Can astrology be disproved? Literally thousands of volumes have been written on the subject over the ages, attacks and defenses, apologies and interpretations. Proponents have claimed astrology as a "science" and an "art," a true interpretation of the inner workings of the universe. Opponents have mostly attacked astrology on physical grounds, citing the old classical arguments: the question of twins, the time of birth versus time of conception, the immense distances to the planets and stars, and so on.

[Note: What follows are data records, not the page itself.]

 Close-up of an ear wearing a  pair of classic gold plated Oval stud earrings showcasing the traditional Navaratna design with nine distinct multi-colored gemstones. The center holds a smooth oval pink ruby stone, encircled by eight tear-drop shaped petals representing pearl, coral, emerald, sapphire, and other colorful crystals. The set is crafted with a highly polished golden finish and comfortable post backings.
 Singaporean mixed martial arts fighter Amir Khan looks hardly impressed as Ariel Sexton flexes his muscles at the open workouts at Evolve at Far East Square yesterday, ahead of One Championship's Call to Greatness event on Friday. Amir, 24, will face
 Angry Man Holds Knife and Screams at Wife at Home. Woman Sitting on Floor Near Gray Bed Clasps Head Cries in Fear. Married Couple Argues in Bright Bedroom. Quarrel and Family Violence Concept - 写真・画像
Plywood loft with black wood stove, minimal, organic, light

But very few writers have come to the nub of the matter: astrology is false because it is a system of magic, based on the magical "principle of correspondences." In fact, astrology--or at least its prehistoric predecessor--probably arose concurrently with the magical world view of early civilized man, astrology and magic adding to each other and being developed and used by the priests to lend "cohesiveness" to the evolving city-states. By the time cuneiform and hieroglyphic writing had been developed, astrology in some form or other was already a part of man's culture.

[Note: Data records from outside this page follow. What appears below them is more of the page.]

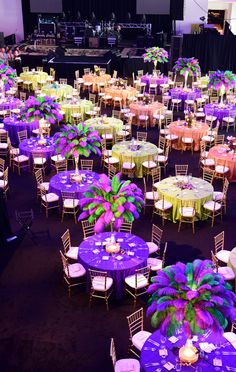 tables and chairs are set up for an event with purple linens, green centerpieces, and candles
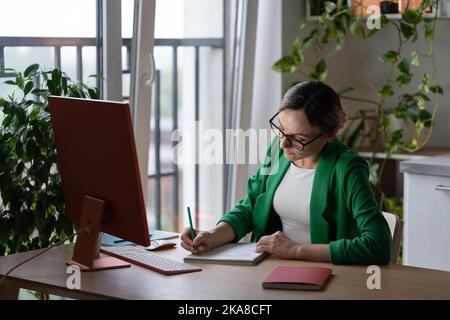 Focused Caucasian woman tutor or teacher making notes in notebook sits at table with computer Stock Photo
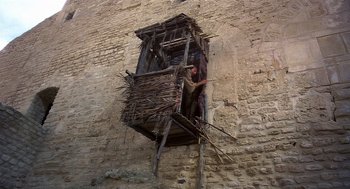 Movie still from “Life of Brian” (1979), directed by Terry Jones – A man standing on a ladder next to a window; Wide shot, Low angle
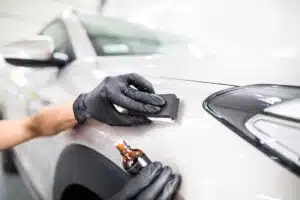 Car detailing - Man applies nano protective coating to the car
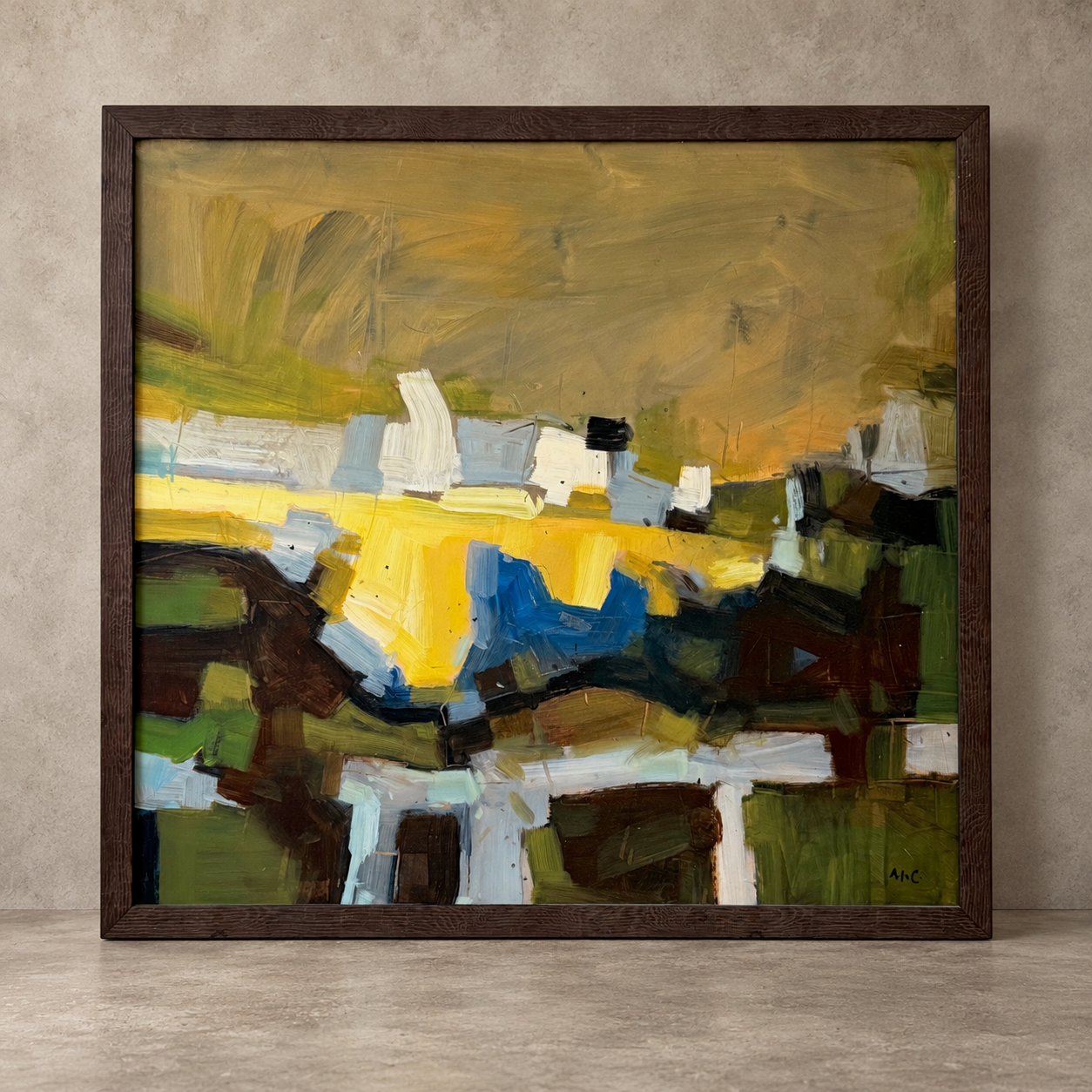A framed abstract landscape painting featuring bold brushstrokes of yellow, green, brown, blue, and white, housed in a dark rustic wooden frame and displayed against a textured gray wall.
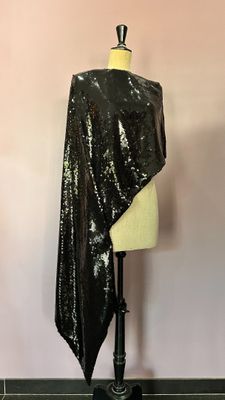 a black sequinned shawl on a mannequin stand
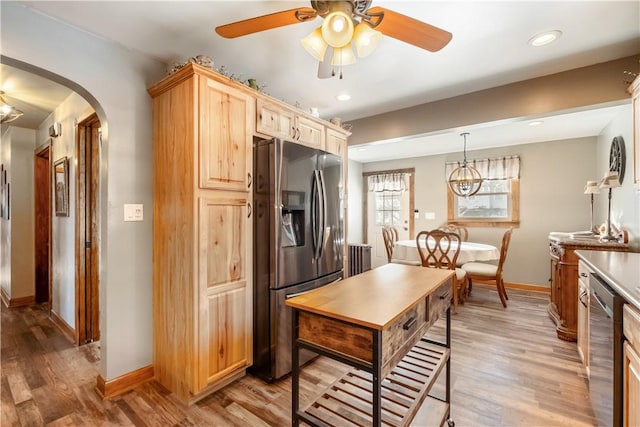 kitchen with light brown cabinets, light wood-type flooring, pendant lighting, ceiling fan, and stainless steel appliances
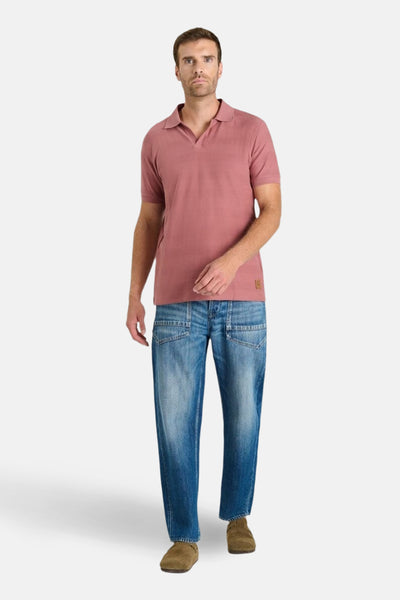 Bakstenen poloshirt met korte mouwen van Le Temps des Cerises, gedragen met een blauwe jeans en bruine schoenen.
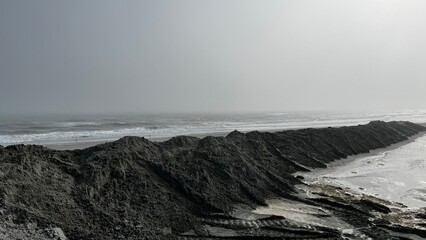 waves crashing on dark sand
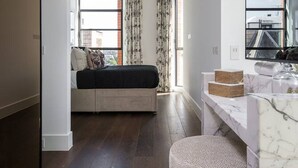A modern bedroom with a bed, a small seating area, a marble vanity, and large windows. - Modern 3-bed Residence in Westminster With Concierge (London)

Thus, several thousand years have gone into the development of astrology, into its theory and practice. Astrology proper began in Babylonia as a system of omen-reading to foretell the fate of kings and realms. More or less simultaneously, the Egyptians developed their system of Places, based on "planetary aspects." Then the Greeks took over both the Babylonian and Egyptian systems, combining them into a complex mathematical cosmology. Under the Greeks, astrology became available to the common man; astrologers today use virtually the same system as the Greeks, or endless variations thereof.
As a result of astrology's long history, confused development, and obscured theoretical bases, it is common for writers and astrologers to state that the ancient "art" cannot be disproved, that modern man lacks the necessary "cosmic insights" to grasp its truths. Even the great humanist Petrarch attacked astrology only by making fun of astrologers, leaving the cosmological arguments relatively untouched. Very few writers indeed have associated astrology with its magical bases; a reasonable search reveals that only Isidore of Seville, in the seventh century, and Richard Cavendish, in The Black Arts ( 1967), have properly identified astrology as magic.
This confused state of affairs is precisely the astrologers' aim: as long as they can obscure the fact that astrology is nothing more nor less than magic and totally unrelated to physical science, they can continue to find customers willing to part with hard-earned funds. For, after all, astrology is a practical "art"; it has provided many an astrologer with a lifelong living.